Es geht in der Tat um das Knien, wie es auch in der Inschrift auf der Schlosskuppel steht. Es geht in der Tat darum, vor wem ich eigentlich niederknie. Nein, als Christen zwingen wir niemand auf die Knie; aber wenn wir vor Jesus Christus niederknien, dann bringen wir in der Tat zum Ausdruck: In ihm allein ist das Leben, das ewig ist; das kann ich nicht relativieren, das ist nicht nur Gedanke, sondern Realität, die auch ganz unabhängig von meinen persönlichen Gedanken gilt.
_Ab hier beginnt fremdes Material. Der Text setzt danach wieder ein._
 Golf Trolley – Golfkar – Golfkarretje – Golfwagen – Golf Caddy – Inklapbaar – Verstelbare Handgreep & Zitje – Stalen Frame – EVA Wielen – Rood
Und darum ist das Heilige Abendmahl gleichsam der Lackmus-Test dafür, auf welcher Seite wir eigentlich stehen: Auf der Seite des Johannes oder auf der Seite der Gnosis. Für die Gnosis spielte das Heilige Abendmahl keine Rolle; in ihr geht es ja nur um Gedanken. Und in ähnlicher Weise wird das Heilige Abendmahl auch heute in vielen Kirchen nur als Ausdruck unserer menschlichen religiösen Gedanken verstanden: Wir denken an Jesus, wir bringen unseren Glauben damit zum Ausdruck. Doch da gibt es eigentlich nichts, wovor man niederknien kann. Doch wir knien hier am Altar nieder, wenn es uns denn orthopädisch möglich ist, weil wir wissen: Hier sind nicht nur Brot und Wein, über die wir uns fromme Gedanken machen. Sondern hier ist er selber, der Mensch gewordene, anfassbare Gott, mit seinem Leib und Blut, vor dem ich wirklich nur auf die Knie sinken kann, weil in ihm das Leben ist. Und wir knien nieder in der Vorfreude darauf, dass eines Tages in der Tat einmal alle Menschen ohne Ausnahme vor ihm niederknien werden, weil er eben der Herr, Gott selber, ist und es keinen Gott außer ihm gibt. Nein, wir sind gerade nicht altmodisch, wenn wir uns mit unserem Knien zu Christus bekennen, wir sind unserer Zeit voraus, machen jetzt schon, was einmal am letzten Tag dieser Welt alle Menschen machen werden, ja, auch die, die sich jetzt über die Worte oben an der Schlosskuppel so inbrünstig empören. Vor Christus werden wir alle einmal niederknien, nicht vor dem Christentum – an dem Tag, an dem Christus uns dann auch einmal einen neuen Leib geben wird, ohne verschlissene Gelenke, an dem Tag, an dem unsere Freude tatsächlich einmal endgültig vollkommen sein wird. Ja, das wirst auch du erfahren – am eigenen Leibe! Amen.